Benefits of Packed-Ensembles
Packed-Ensembles offer several benefits over traditional ensemble methods, including:
Efficiency: Packed-Ensembles are more efficient than traditional ensembles in terms of memory usage and training time. This is because they use grouped convolutions to share parameters between the subnetworks.
Accuracy: Packed-Ensembles can achieve accuracy levels that are comparable to traditional ensembles.
Calibration: Packed-Ensembles are well-calibrated, meaning that their predicted probabilities are accurate reflections of the true probabilities.
Out-of-distribution (OOD) detection: Packed-Ensembles are good at detecting out-of-distribution data, which is data that comes from a different distribution than the data that the model was trained on.
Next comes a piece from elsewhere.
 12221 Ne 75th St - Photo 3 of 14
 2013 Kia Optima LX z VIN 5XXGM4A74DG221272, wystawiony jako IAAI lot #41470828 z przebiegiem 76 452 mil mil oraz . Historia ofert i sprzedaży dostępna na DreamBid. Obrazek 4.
Comparison to other ensemble methods
The paper compares Packed-Ensembles to several other ensemble methods, including Deep Ensembles, BatchEnsemble, MIMO, and Masksembles. The paper found that Packed-Ensembles are more efficient than all of these methods, and they achieve comparable accuracy on most tasks.
Packed-Ensembles: A Technique for Efficient Neural Network Ensembles
Packed-Ensembles (PE) is a method for designing and training lightweight ensembles of neural networks. It aims to improve efficiency while maintaining accuracy and other desirable properties. This technique achieves this by leveraging grouped convolutions to create multiple subnetworks within a single network, enabling them to be trained independently.
Understanding Convolutional Layers and Grouped Convolutions:
- Convolutional Layers: These are the backbone of Convolutional Neural Networks (CNNs), performing filtering operations on input data using learnable filters (kernels). Mathematically, the output of a convolutional layer, denoted by $z_{j+1}$, is calculated as follows:
$z^{(j+1)}(c,:,:) = (h^j \otimes \omega^j)(c,:,:) = \sum_{k=0}^{C_{j}-1} \omega^j(c, k,:,:) \star h^j(k,:,:)$
where:
$c$ represents the channel index
$h^j$ denotes the input feature map
$ω^j$ represents the weight tensor (kernel)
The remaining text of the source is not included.